Ini hanya contoh kecil saja, bagaimana guru-guru Sufi tidak mudah menerima seorang murid, terutama yang niatnya belum kukuh dan kemampuannya untuk memahami persoalan meragukan. Jadi mereka begitu selektif.
Upaya kita untuk menyimak mutiara hikmah dari mereka tidak akan memadai seandainya kita melupakan aforisme-aforisme mereka yang begitu menukik dan tajam. Beberapa di antaranya bisa kita paparkan:
Orang menentang sebuah pandangan karena tak mau tahu tentang pandangan tersebut..
Kecepatan memang diperlukan oleh seekor kuda, namun tidak semua bentuk kecepatan itu diperlukan dan memberi keuntungan.
Kau memiliki satu hal yang tak bakal hilang bila berada dalam sebuah kapal yang karam.
Aku tidak pernah melihat seseorang yang berada di jalan lurus itu kehilangan.
Nak, jangan minta inbalan dari A jika kau sedang bekerja di rumah B.
Jangan bersahabat dengan pemelihara gajah jika kau tidak punya ruang untuk menghibur seekor gajah.
Ikatlah dua ekor burung, mereka takkan mampu terbang sekali pun sayap yang mereka miliki empat.
Pembenaran diri yang berlebihan lebih jelek dibanding kecaman yang orisinal.
Berdosa kepada Tuhan adalah suatu hal; namun berdosa kepada manusia jauh lebih buruk.
Lilin menyala tidak untuk menerangi dirinya sendiri.
Kami telah menulis seratus surat kepadamu, dan kau tidak menulis sepucuk surat pun sebagai jawaban. Namun tak menjawab sudah merupakan sebuah jawaban.

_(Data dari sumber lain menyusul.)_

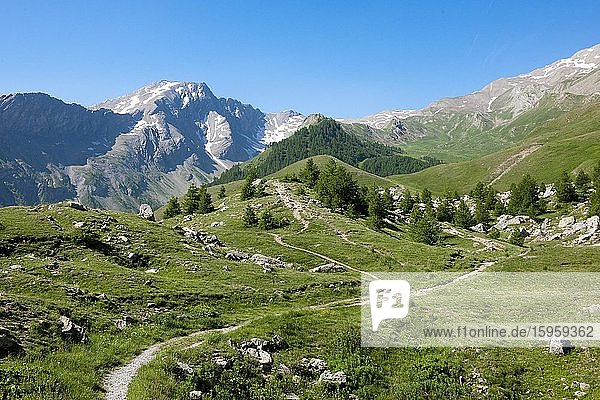 Alpenlandschaft mit Wanderweg am Col de Vars  Provence-Alpes-Cote d?Azur  Hautes-Alpes  Alpes-de-Haute-Provence  Frankreich  Europa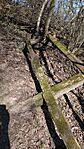 IMG_20260307_122653405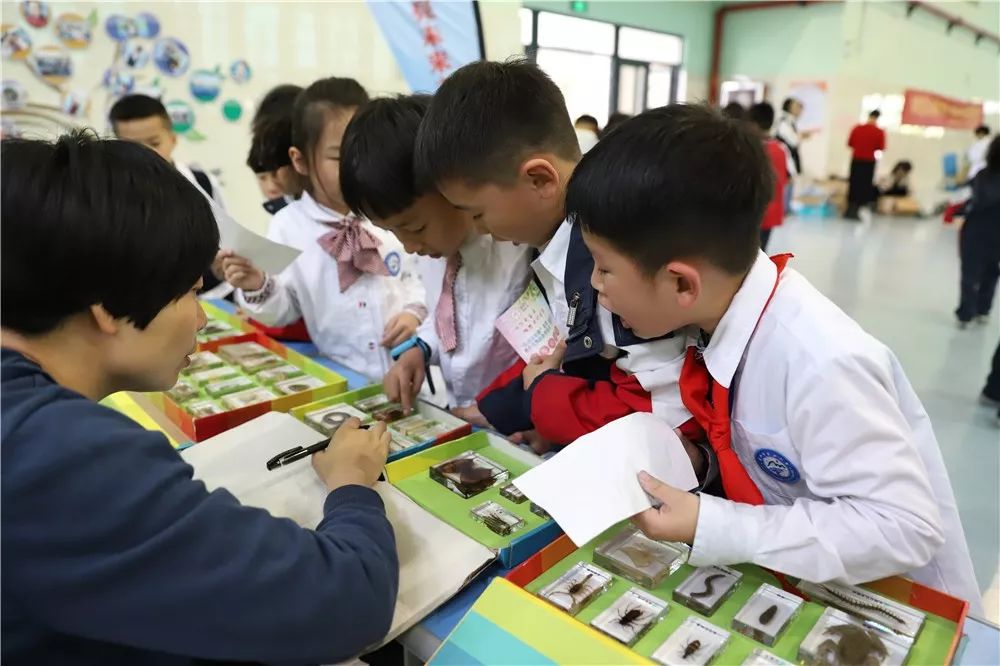 行知小学招收流动人口_行知小学(3)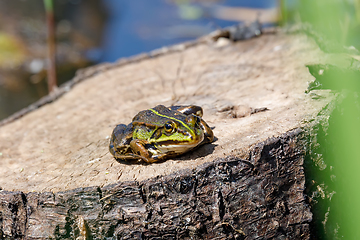 Image showing Beautiful marsh frog, European wildlife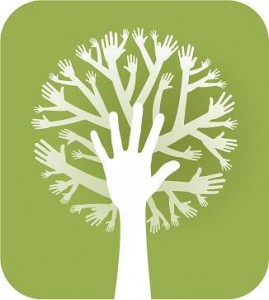 Charity Mailing Lists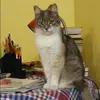 Отзыв от Ольга Рябова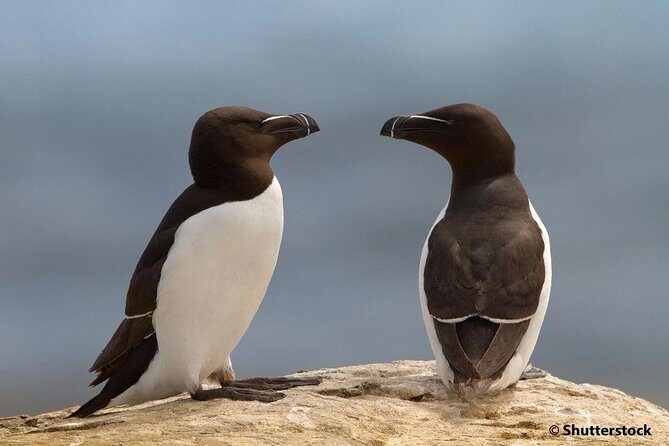 1000 Little Penguins Cruise - The Experience: What You’re Getting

Sering seseorang memberikan penafsiran keliru jik berhadapan langsung orang yang pandai dan mengetahui.
Seorang syekh ialah dia yang mempunyai murid yang memerlukan pribadinya, bukan keajaiban, kekeramatan dan kebesarannya.

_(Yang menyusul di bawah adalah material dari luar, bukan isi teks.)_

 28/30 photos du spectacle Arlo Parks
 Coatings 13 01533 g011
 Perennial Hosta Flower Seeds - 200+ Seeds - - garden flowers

Seorang sufi adalah dia yang telah meninggalkan tiga macam kata ‘aku’ dalam ucapannya: kepunyaanku, dadaku dan kekayaanku. Ia telah melepaskan sesuatu yang diperuntukan bagi dirinya.

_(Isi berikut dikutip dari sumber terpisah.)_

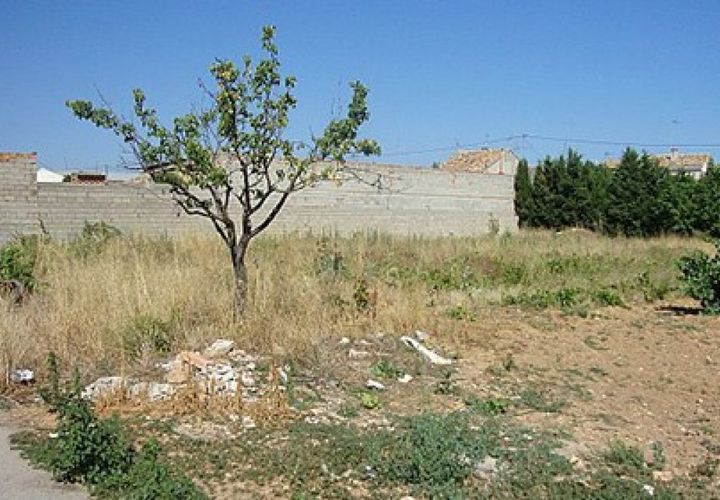 Terreno en Requena, Valencia, Requena - € 120.000 | Ref: S-1494884 - photo 1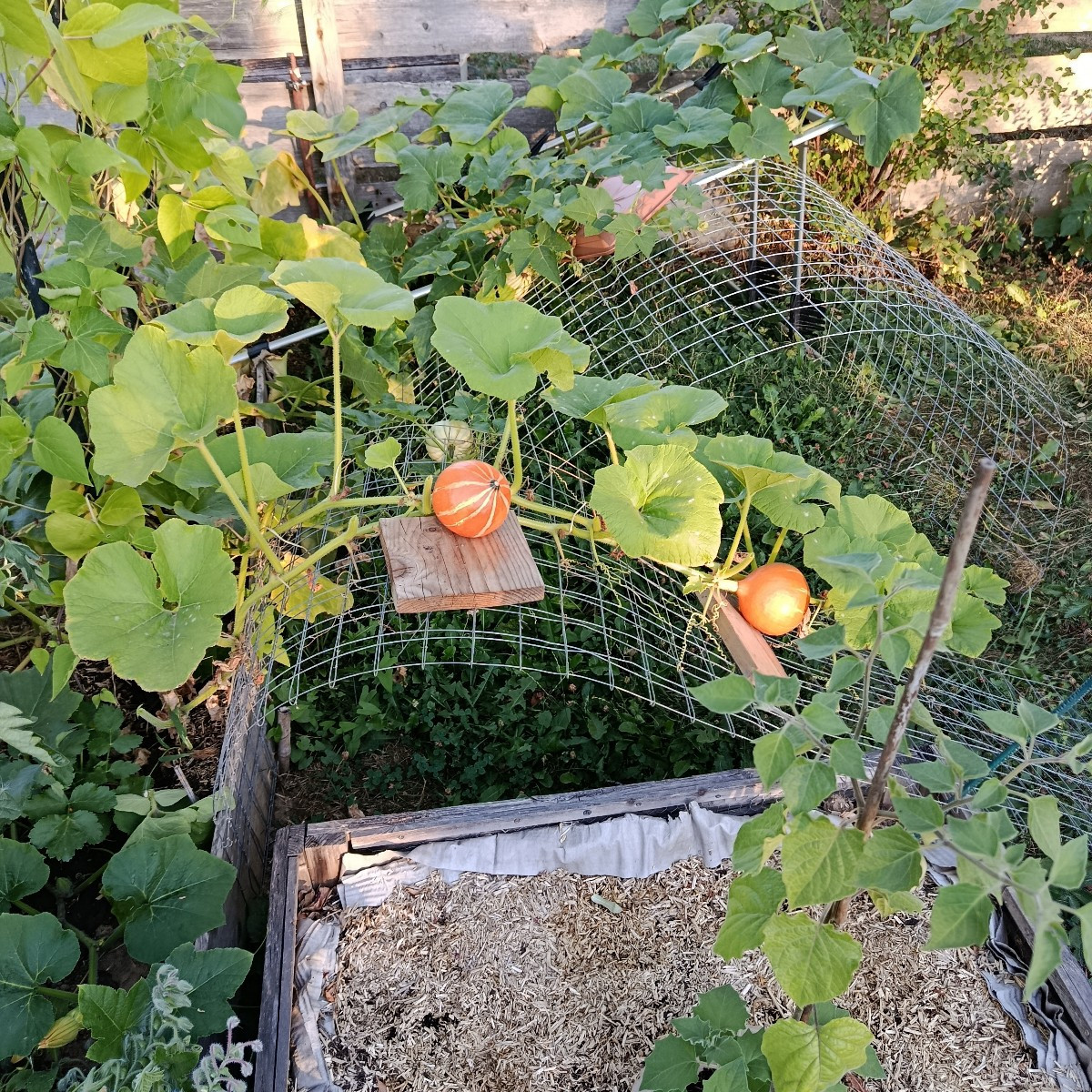 Die Tomate Goldita produziert und trotzt der Hitze. Ananastomate habe ich dieses Jahr nur zwei.😥
Kürbis ist auch nicht…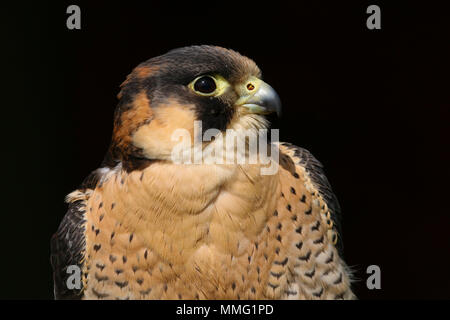 Captive Barbary Falcon (Falco pelegrinoides) Sitzen Stockfoto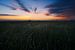 Zonsondergang polder Mastenbroek van Rick Kloekke
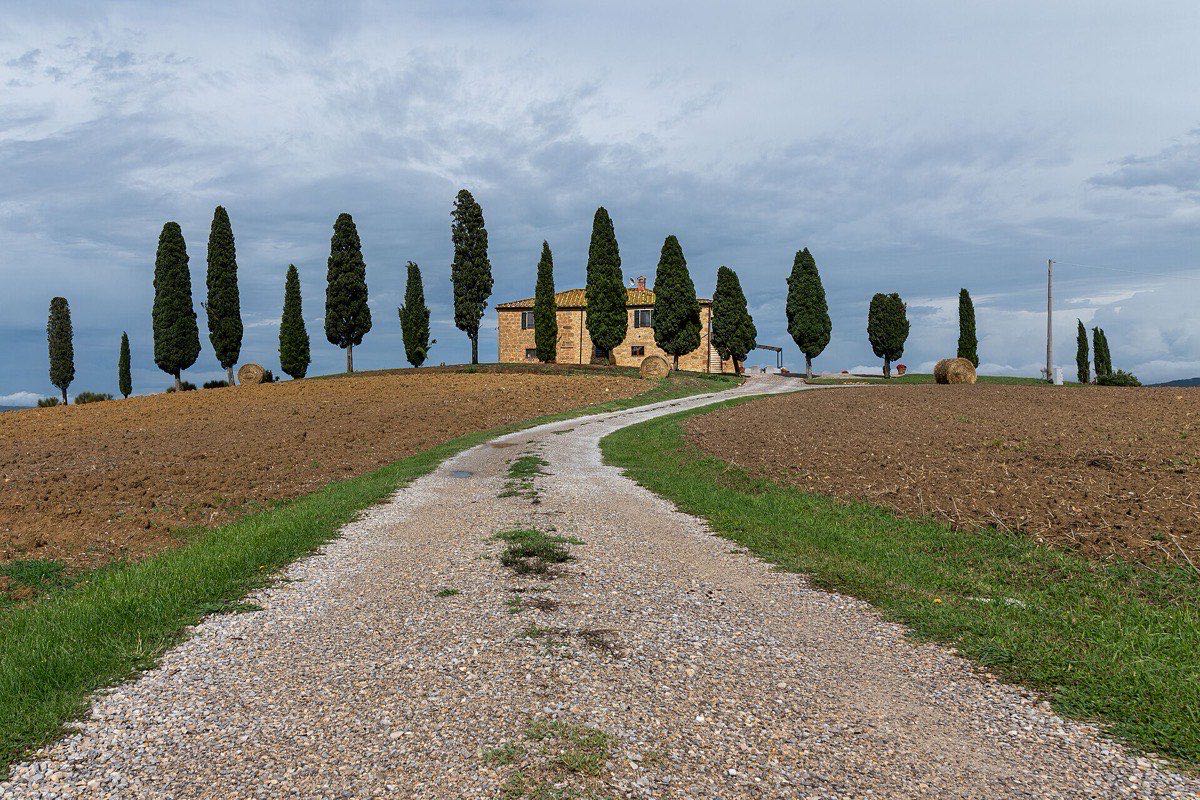 Cypress-lined gravel road leading to a farmhouse in the Val d'Orcia, Tuscany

Imbauan tasawuf memiliki ciri universal. Ia bertalian dengan setiap peradaban, setiap agama dan setiap babakan waktu dalam sejarah manusia. Bagi yang mengalaminya tidak memerlukan takrif atau definisi, dan tak akan pernah terkena cemaran logika serba dua kali dua sama dengan empat. Intisari tasawuf selalu hadir dalam tebaran kata-kata para bijak. Diktum yang disajikan Ibn al-‘Arabi ini barangkali merupakan contoh yang paling cemerlang:
“Ada tiga bentuk pengetahuan. Pertama pengetahuan intelektual, yang dalam kenyataan berisi informasi dan kumpulan fakta-fakta belaka, dan apabila pengetahuan ini digunakan untuk mencapai konsep-konsep intelektual yang melampaui batas, maka ia disebut intelektualisme. Yang kedua menyusul pengetahuan tentang keadaan-keadaan, mencakup baik perasaan emosional dan perasaan asing di mana orang mengira telah mencerap sesuatu yang tinggi. Namun dia tidak dapat memanfaatkan untuk keperluan hidupnya sendiri. Inilah emosionalisme. Yang ketiga pengetahuan nyata, yang disebut Pengetahuan tentang Hakekat. Dalam bentuk ini manusia dapat mencerap apa yang betul, apa yang benar, mengatasi batasan-batasan pikiran dan penginderaan. Para sarjana dan ilmuwan memusatkan perhatian pada bentuk pengetahuan pertama. Kaum emosionalis dan eksperimentalis menggunakan bentuk kedua. Yang lain memadukan keduanya, atau memakai satu di antara keduanya secara bergantian. Akan tetapi orang yang telah mencapai kebenaran ialah mereka yang tahu bagaimana menghubungkan dirinya dengan hakekat yang terletak di balik kedua bentuk pengetahuan ini. Itulah Sufi sejati, darwis yang telah mencapai makrifat dalam arti sebenarnya.
Demikianlah uraian ringkas ini mudah-mudahan memadai dalam menjelaskan apa itu hakekat tasawuf, landasan falsafah dan kandungan sastranya.